On November 22, 1963, when he was hardly past his first thousand days in office, John F. Kennedy was killed by an assassin's bullets as his motorcade wound through Dallas, Texas. Kennedy was the youngest man elected President; he was the youngest to die.
Of Irish descent, he was born in Brookline, Massachusetts, on May 29, 1917. Graduating from Harvard in 1940, he entered the Navy. In 1940, when his PT boat was rammed and sunk by a Japanese destroyer, Kennedy, despite grave injuries, led the survivors through perilous waters to safety.
Back from the war, he became a Democratic Congressman from the Boston area, advancing in 1953 to the Senate. He married Jacqueline Bouvier on September 12, 1953. In 1955, while recuperating from a back operation, he wrote "Profiles in Courage", which won the Pulitzer Prize in history.
In 1961 John F. Kennedy became the first Roman Catholic President. His Inaugural Address offered the memorable injunction:
"Ask not what your country can do for you — ask what you can do for your country".
As President, he set out to redeem his campaign pledge to get America moving again. His economic programs launched the country on its longest sustained expansion since World War II; before his death, he laid plans for a massive assault on persisting pockets of privation and poverty.
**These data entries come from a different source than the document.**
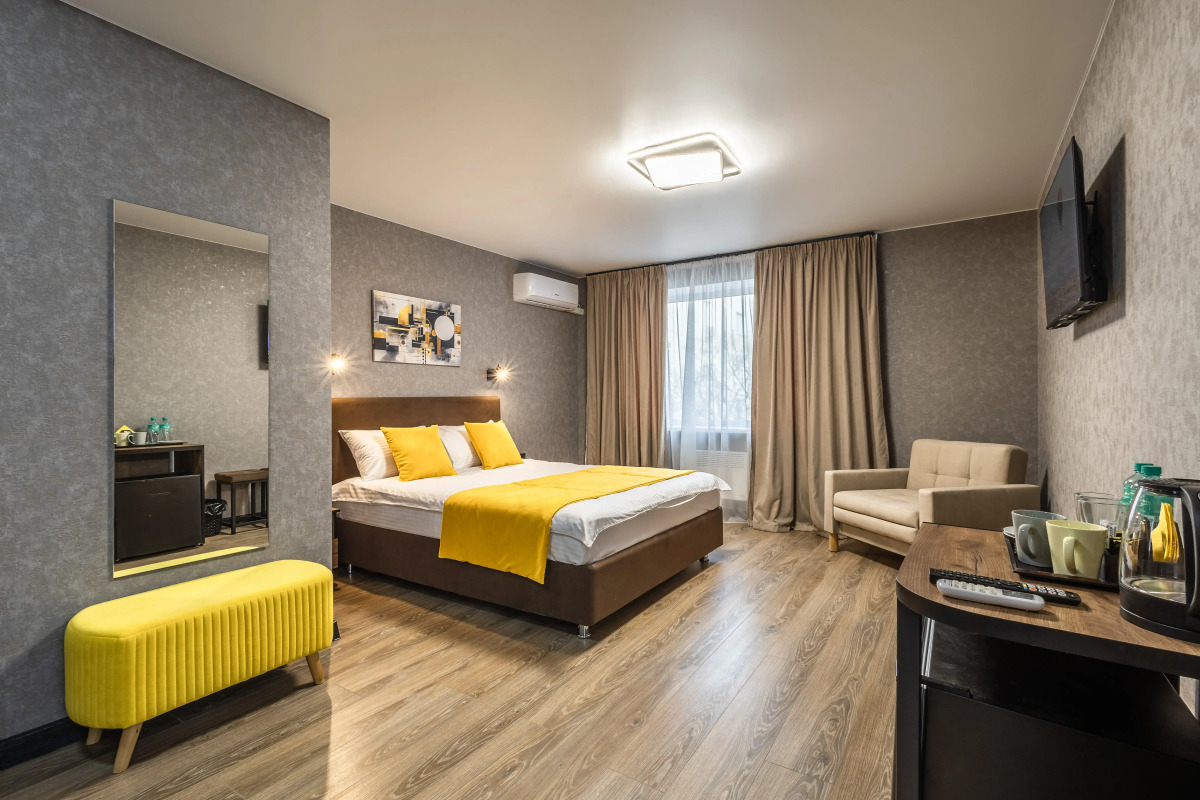 Меблированные комнаты SmartRooms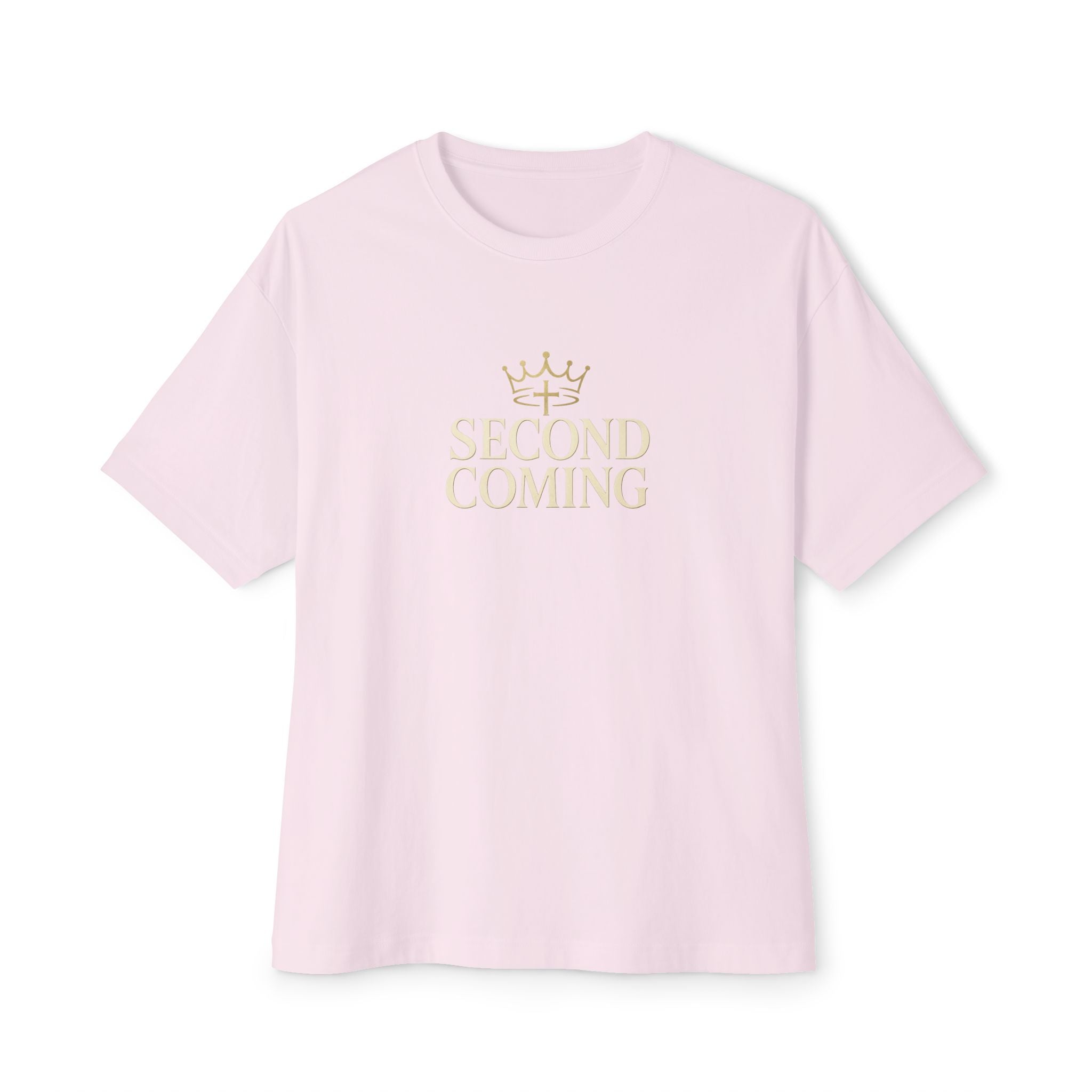 2nd Coming Unisex Oversized Boxy Tee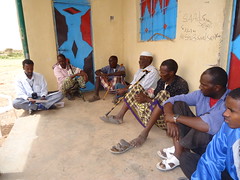 Wadamago Village Community Center and SMS Feedback training in Ainabo District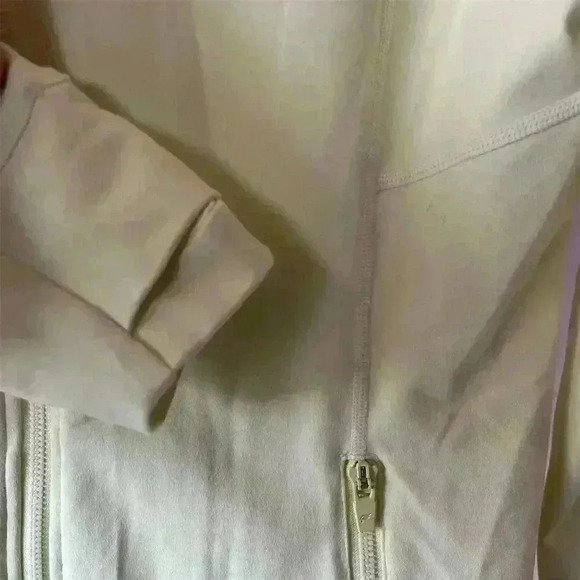 Fabletics Women's Full-Zip Jacket Light Neon Green  Size L Lightweight Casual - Picture 5 of 9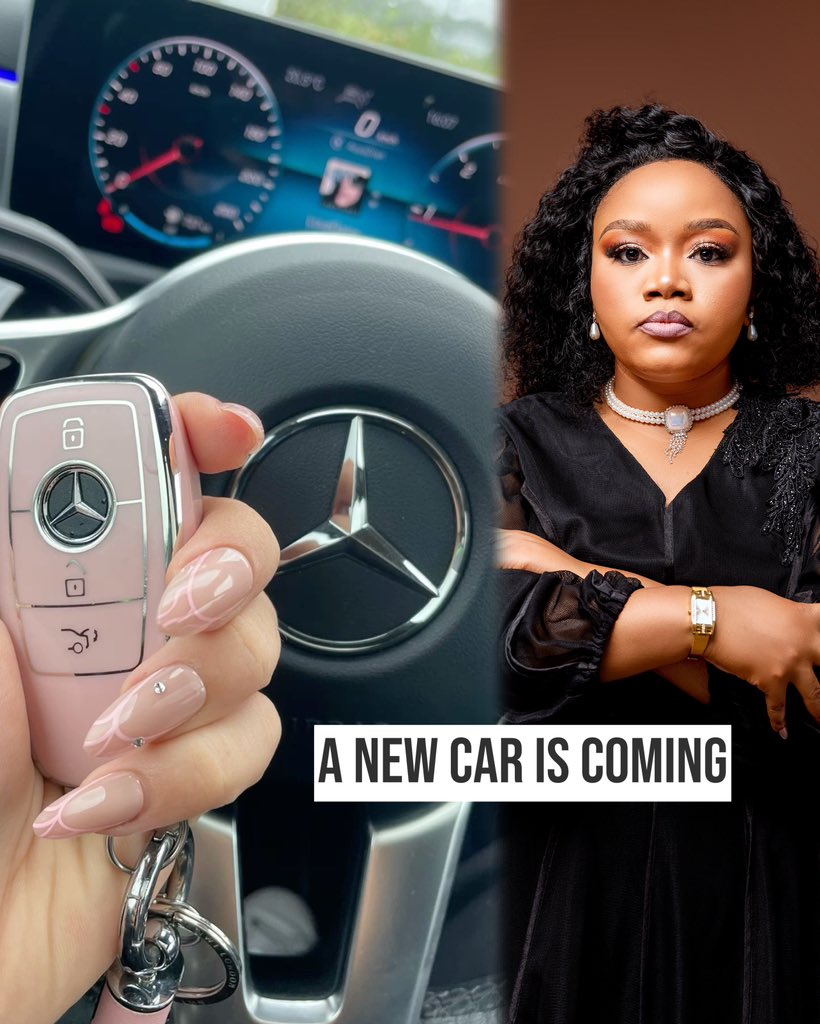 prophetessfay1's tweet image. A new car is coming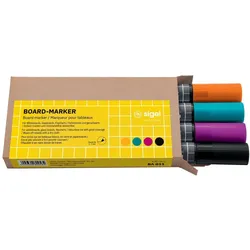 Sigel, Marker, Board-Marker (4x)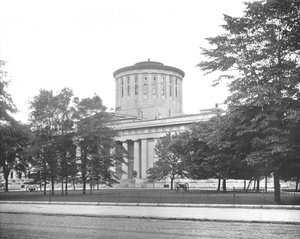 State Capitol, Columbus, Ohio, VS, ca. 1900 door Unbekannt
Responding to ever more urgent demands, he took vigorous action in the cause of equal rights, calling for new civil rights legislation. He wished America to be resuming its old mission as the first nation dedicated to the revolution of human rights. His vision of America extended to the quality of the national culture and the central role of the arts in a vital society
Kennedy is known to have done a lot to solve the Cuban crisis during which the world trembled on the brink of nuclear war. He realized that both sides had a vital interest in stopping the spread of nuclear weapons and slowing the arms race. The months after the Cuban crisis showed significant progress toward the goal of "a world of law and free choice, banishing the world of war". This progress led to the test ban treaty of 1963.
John F. Kennedy's administration thus saw the beginning of new hope for both the equal rights of Americans and the peace of the world.